● **TASK TO CARRY OUT**:
Return the listing exactly as it appears, but strip out the images.

● **THE DATA**:
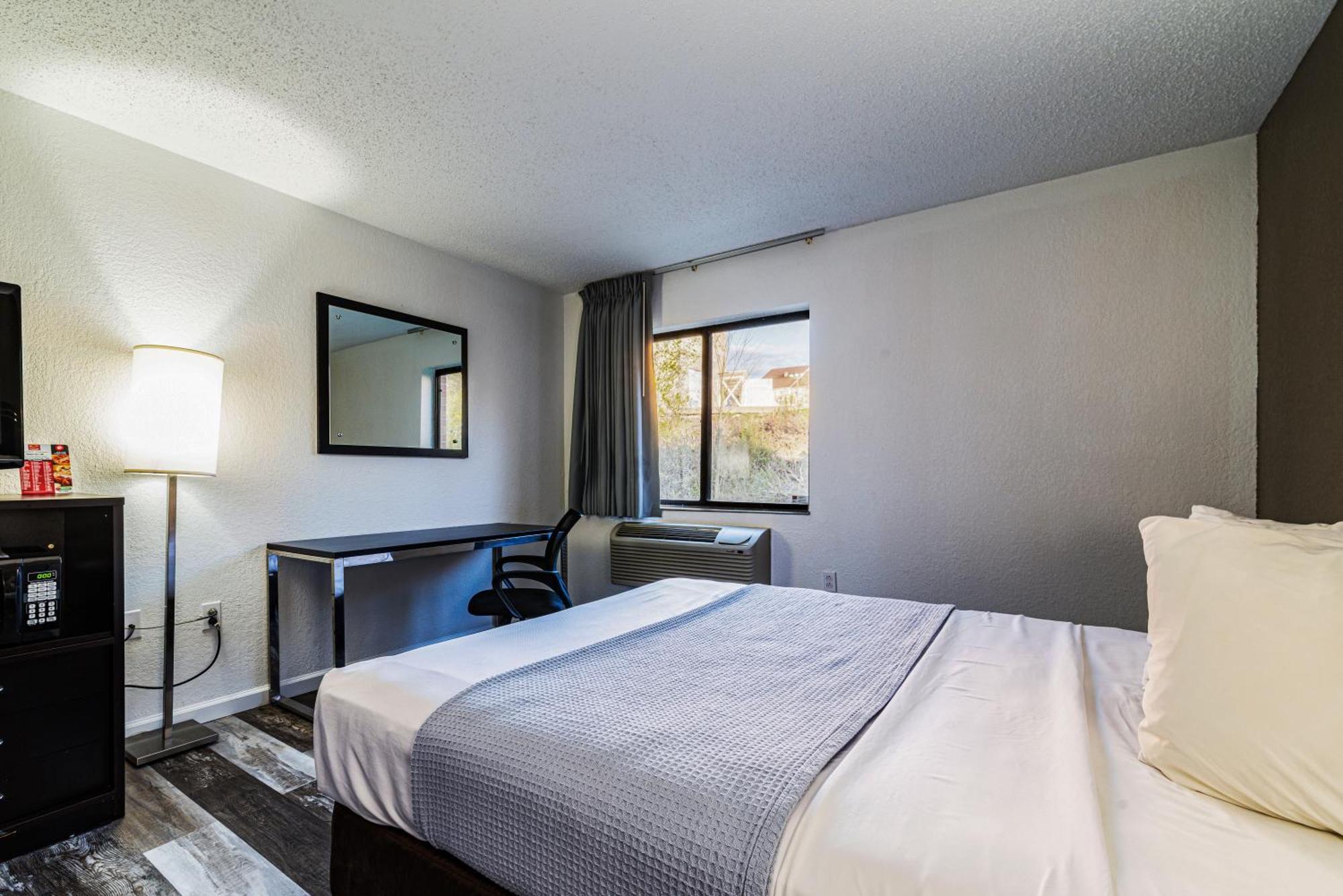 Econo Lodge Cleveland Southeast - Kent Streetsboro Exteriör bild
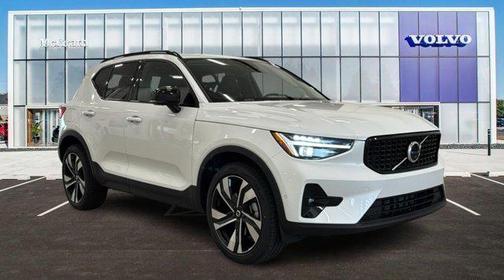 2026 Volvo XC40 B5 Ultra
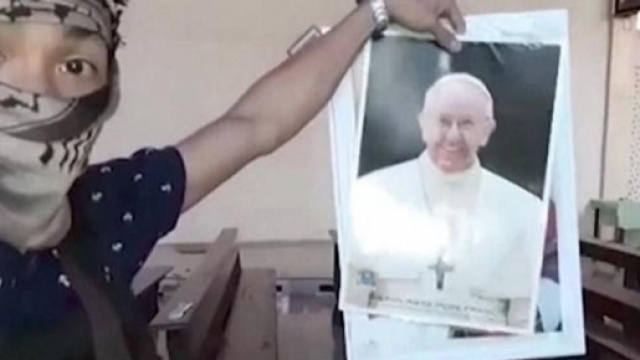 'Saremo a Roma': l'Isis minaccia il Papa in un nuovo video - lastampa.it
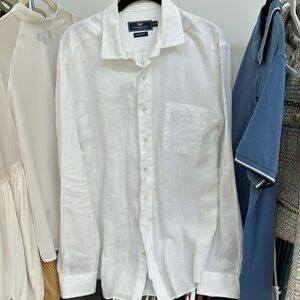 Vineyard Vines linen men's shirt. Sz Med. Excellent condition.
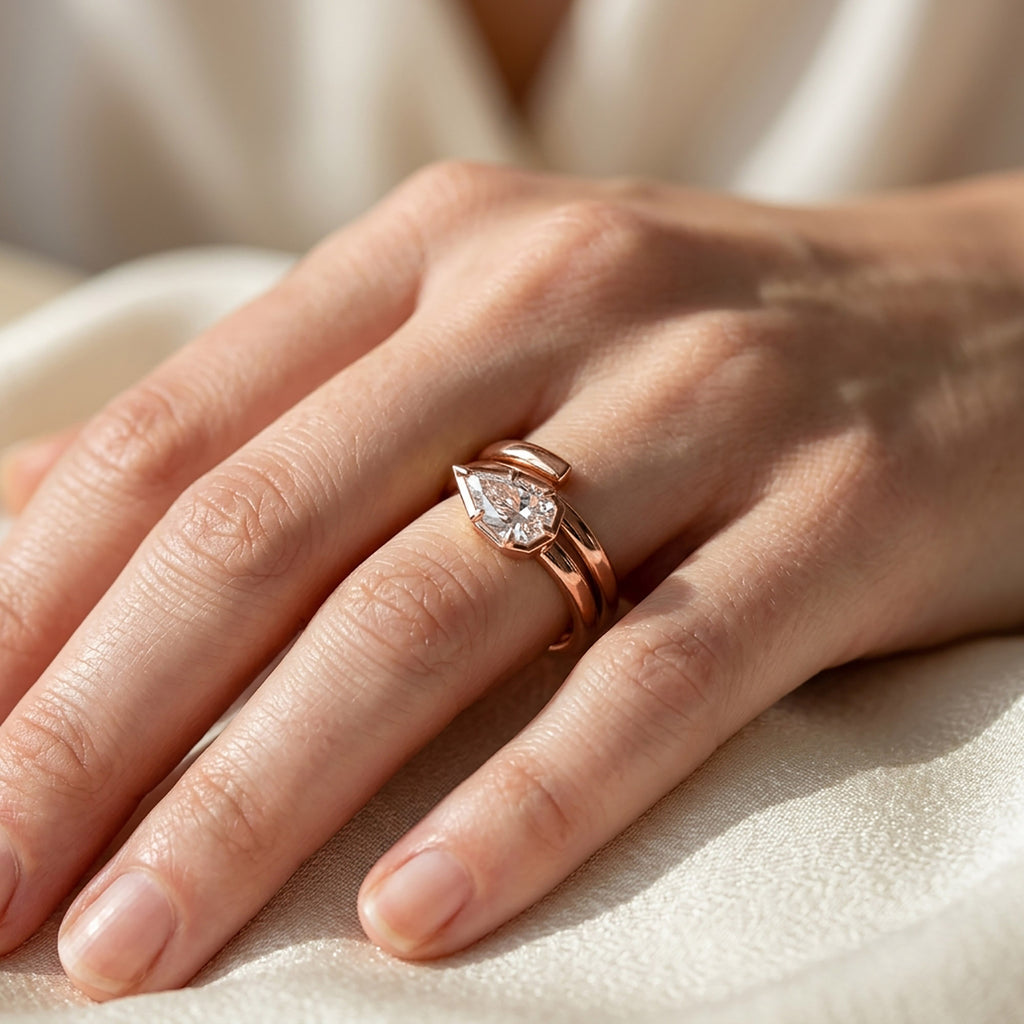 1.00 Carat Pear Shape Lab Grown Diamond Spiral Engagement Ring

● **WORKED SOLUTION**:
 Econo Lodge Cleveland Southeast - Kent Streetsboro Exteriör bild
 2026 Volvo XC40 B5 Ultra
 'Saremo a Roma': l'Isis minaccia il Papa in un nuovo video - lastampa.it
 Vineyard Vines linen men's shirt. Sz Med. Excellent condition.
 1.00 Carat Pear Shape Lab Grown Diamond Spiral Engagement Ring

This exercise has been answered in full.